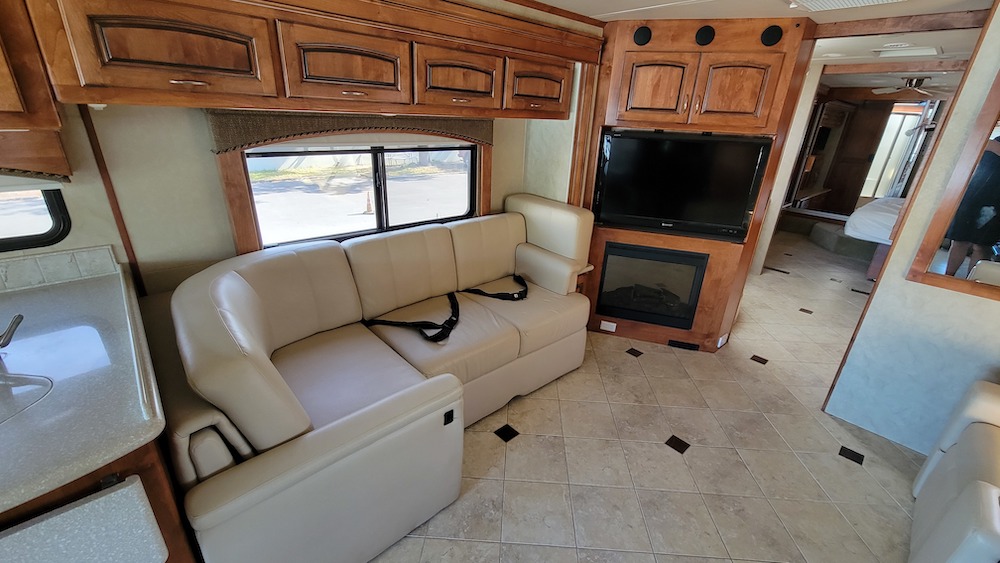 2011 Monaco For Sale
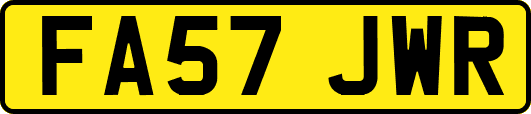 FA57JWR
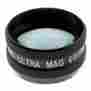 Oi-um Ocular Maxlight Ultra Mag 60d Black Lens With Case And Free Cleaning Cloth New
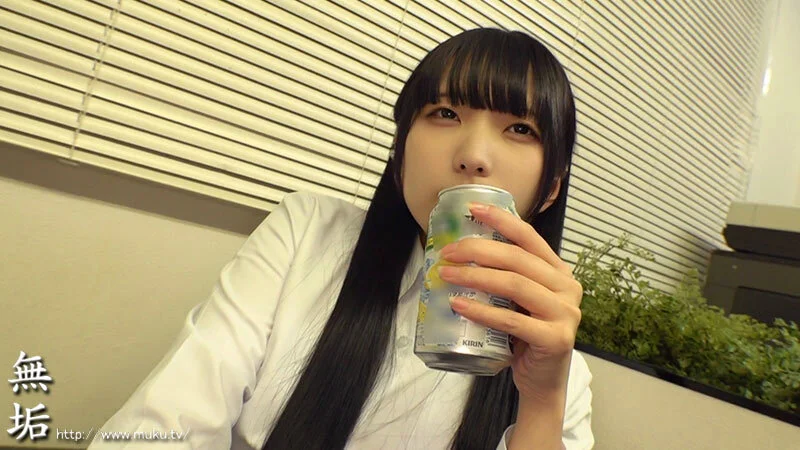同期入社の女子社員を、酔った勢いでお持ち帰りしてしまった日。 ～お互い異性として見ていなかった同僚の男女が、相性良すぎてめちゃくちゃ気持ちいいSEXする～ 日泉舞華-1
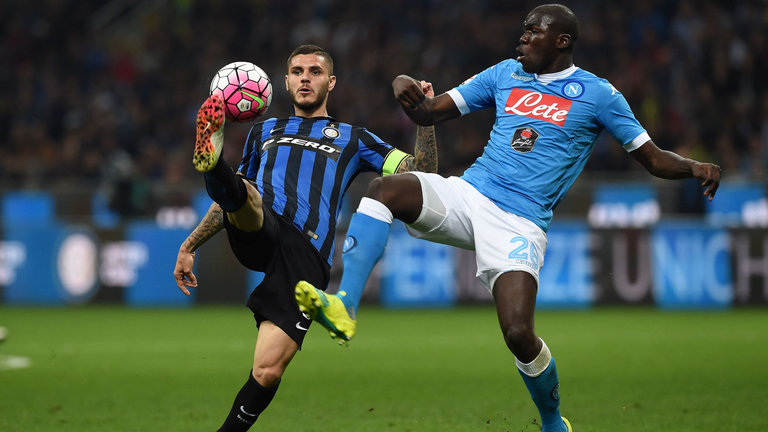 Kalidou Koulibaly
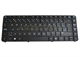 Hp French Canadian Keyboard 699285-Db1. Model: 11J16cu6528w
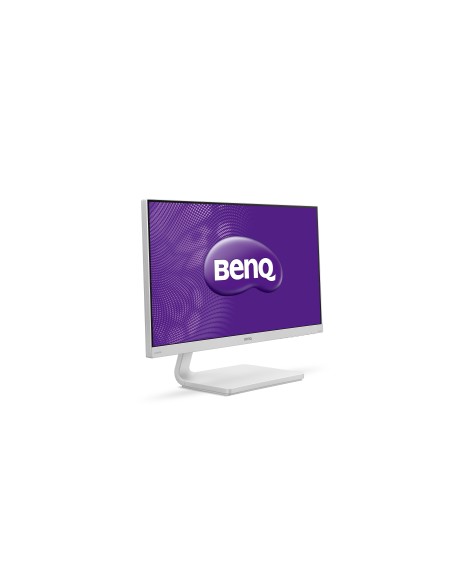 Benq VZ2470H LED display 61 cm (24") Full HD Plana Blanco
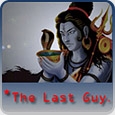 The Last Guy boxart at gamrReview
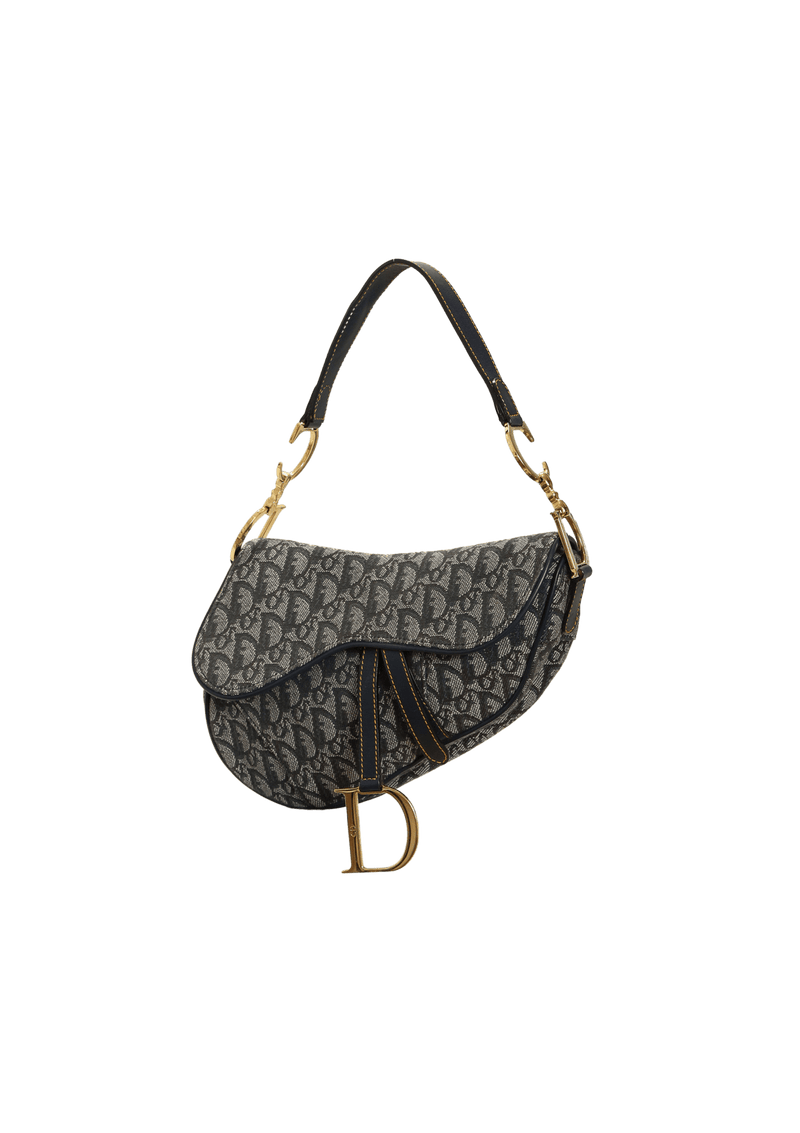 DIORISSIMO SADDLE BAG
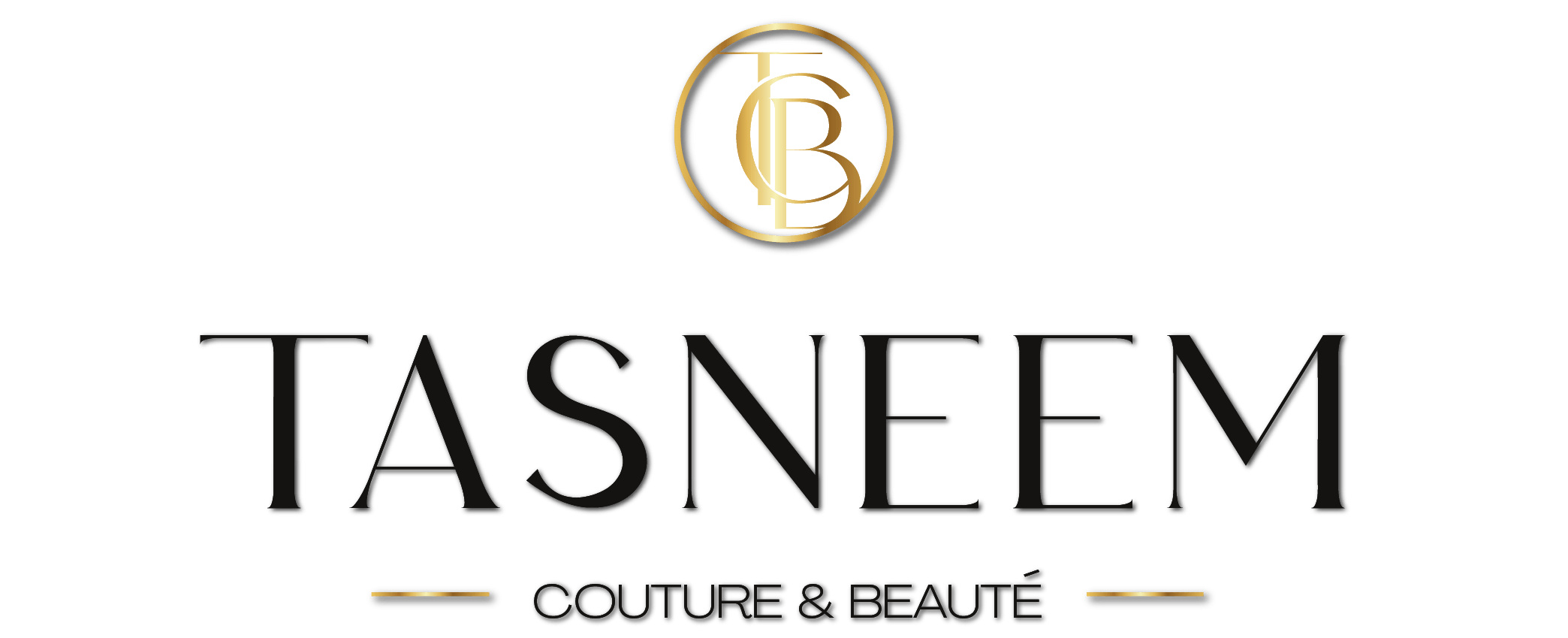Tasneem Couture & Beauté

*What the exercise asks*: Would you please restate the records word for word, excluding any images?

*Answer to this exercise*:
 2011 Monaco For Sale
 FA57JWR
 Oi-um Ocular Maxlight Ultra Mag 60d Black Lens With Case And Free Cleaning Cloth New
同期入社の女子社員を、酔った勢いでお持ち帰りしてしまった日。 ～お互い異性として見ていなかった同僚の男女が、相性良すぎてめちゃくちゃ気持ちいいSEXする～ 日泉舞華-1
 Kalidou Koulibaly
 Hp French Canadian Keyboard 699285-Db1. Model: 11J16cu6528w
 Benq VZ2470H LED display 61 cm (24") Full HD Plana Blanco
 The Last Guy boxart at gamrReview
 DIORISSIMO SADDLE BAG
Tasneem Couture & Beauté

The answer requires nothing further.